ARLEIGH RODGERS

★ ★ ★ ★

FLASH FICTION

Image by Darrin Moore

‘Resonance’

Every weekday night, armed with a flashlight and his father’s green jacket, a man makes his rounds at his local storage unit. 

It’s a graveyard shift no one would choose but Lawrence Stilte, an aging man so steeped in solitude the people in his modest Wyoming town are not convinced he speaks.

They’re right, Lawrence shared with Nancy, who used to say he could change that narrative and shock them all, and bring a smile to her face. Let them see your joy, she would sign, then tiptoe to kiss him. Your knowledge. 

But Lawrence has long abandoned that joy. He will never again allow himself to think of sharing such knowledge with any person. Those whisperers, the bitter things they say about him, sank in too deep, past the green jacket and age-softened skin and right down to his bones.

 And so, on a bleak, frigid evening he would have spent with her, Lawrence drives to the storage unit. Jacket for the frozen air. Flashlight for the dark.

Lawrence reaches the first building and unlocks several deadbolts installed after the robberies last year.

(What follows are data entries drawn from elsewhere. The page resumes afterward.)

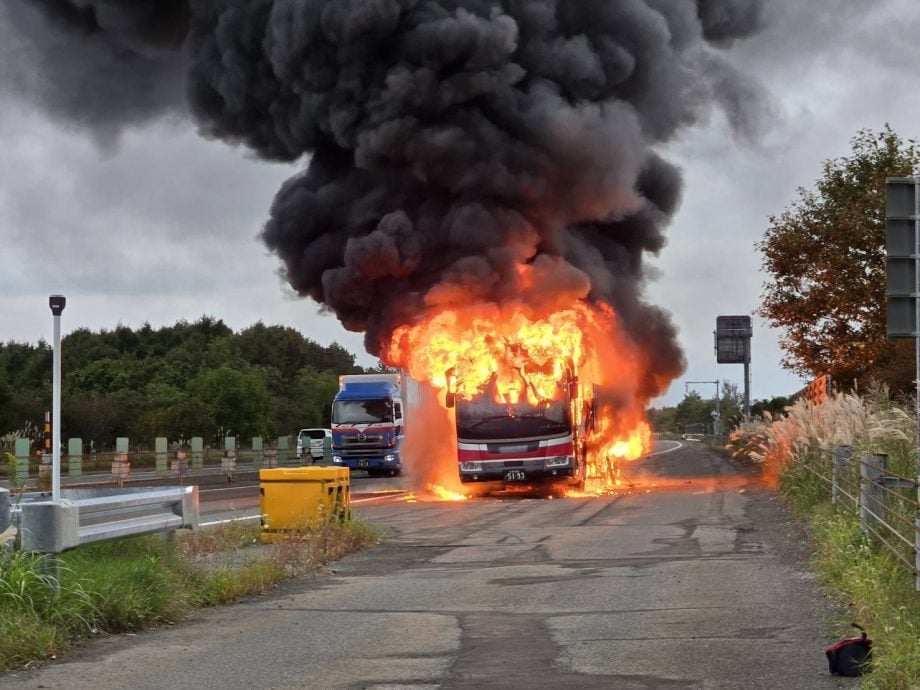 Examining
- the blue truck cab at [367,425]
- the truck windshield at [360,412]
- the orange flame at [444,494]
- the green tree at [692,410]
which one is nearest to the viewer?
the orange flame at [444,494]

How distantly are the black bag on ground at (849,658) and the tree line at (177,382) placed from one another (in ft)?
114

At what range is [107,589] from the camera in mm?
9078

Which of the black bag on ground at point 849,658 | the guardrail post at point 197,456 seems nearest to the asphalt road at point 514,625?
the black bag on ground at point 849,658

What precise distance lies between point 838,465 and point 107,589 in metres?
10.2

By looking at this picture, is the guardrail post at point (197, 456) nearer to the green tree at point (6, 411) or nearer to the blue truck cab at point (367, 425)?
the blue truck cab at point (367, 425)

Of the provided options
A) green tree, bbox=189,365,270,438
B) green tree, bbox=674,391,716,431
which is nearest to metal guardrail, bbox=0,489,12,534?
green tree, bbox=189,365,270,438

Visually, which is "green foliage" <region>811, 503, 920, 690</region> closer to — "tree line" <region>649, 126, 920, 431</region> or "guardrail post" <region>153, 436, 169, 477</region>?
"tree line" <region>649, 126, 920, 431</region>

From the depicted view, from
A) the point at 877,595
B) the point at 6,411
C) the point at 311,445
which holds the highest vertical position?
the point at 6,411

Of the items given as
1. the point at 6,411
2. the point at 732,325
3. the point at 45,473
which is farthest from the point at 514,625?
the point at 732,325

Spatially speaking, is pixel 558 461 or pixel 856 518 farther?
pixel 558 461

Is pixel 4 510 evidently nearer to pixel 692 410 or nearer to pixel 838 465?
pixel 838 465

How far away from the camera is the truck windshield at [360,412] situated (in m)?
40.0

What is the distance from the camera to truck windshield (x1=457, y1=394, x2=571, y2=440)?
25219 mm

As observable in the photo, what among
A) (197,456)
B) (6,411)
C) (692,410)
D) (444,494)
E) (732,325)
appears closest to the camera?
(444,494) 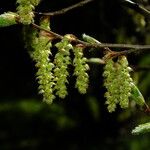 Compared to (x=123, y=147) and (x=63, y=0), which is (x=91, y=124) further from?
(x=63, y=0)

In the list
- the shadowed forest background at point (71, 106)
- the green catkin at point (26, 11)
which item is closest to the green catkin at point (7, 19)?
the green catkin at point (26, 11)

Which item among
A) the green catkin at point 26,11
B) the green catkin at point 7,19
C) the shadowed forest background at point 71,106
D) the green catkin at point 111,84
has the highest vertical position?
the green catkin at point 26,11

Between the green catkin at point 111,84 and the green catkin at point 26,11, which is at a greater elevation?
the green catkin at point 26,11

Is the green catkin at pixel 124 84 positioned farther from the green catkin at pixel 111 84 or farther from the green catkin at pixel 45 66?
the green catkin at pixel 45 66

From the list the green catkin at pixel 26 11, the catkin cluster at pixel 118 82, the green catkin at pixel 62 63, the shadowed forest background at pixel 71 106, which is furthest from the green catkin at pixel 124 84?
the shadowed forest background at pixel 71 106

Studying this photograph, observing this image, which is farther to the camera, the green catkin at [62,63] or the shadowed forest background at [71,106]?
the shadowed forest background at [71,106]

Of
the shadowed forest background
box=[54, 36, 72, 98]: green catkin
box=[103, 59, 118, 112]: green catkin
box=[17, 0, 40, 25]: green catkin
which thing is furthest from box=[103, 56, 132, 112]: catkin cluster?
the shadowed forest background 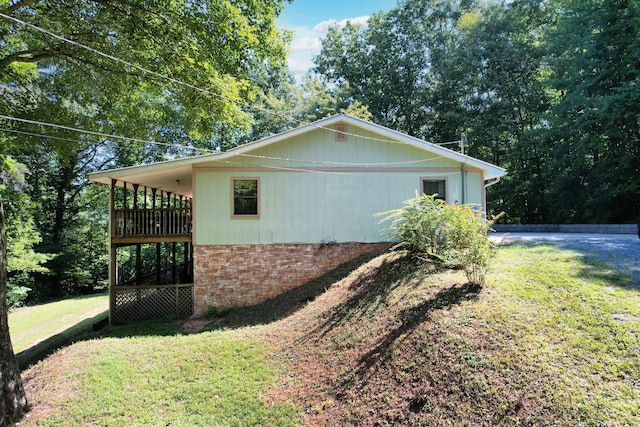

So many open units—harsh, frozen cavities. He remembers that first morning, just weeks ago, when he walked into the fourth building and found the mouth of each storage unit gaping wide open, breathing in the raw morning air.

They—the culprits were never found, untraceable apparitions the broken security cameras couldn’t capture—left the carpets and the couches but took the small, valuable things, as if no one would notice. It reminded Lawrence of the deer carcasses his father would split open on their hunting trips, when Lawrence was a boy.

You’ll get there, his father would smile and sign to a ten-year-old Lawrence, who had long been proud of discerning his father’s sentences from his lips and not just his hands. The gore of the deer scared and riveted him, the brilliant scarlet wound seeping hot air. But it was always the horns or the loose teeth he’d take, prized and placed in a box beneath his bed.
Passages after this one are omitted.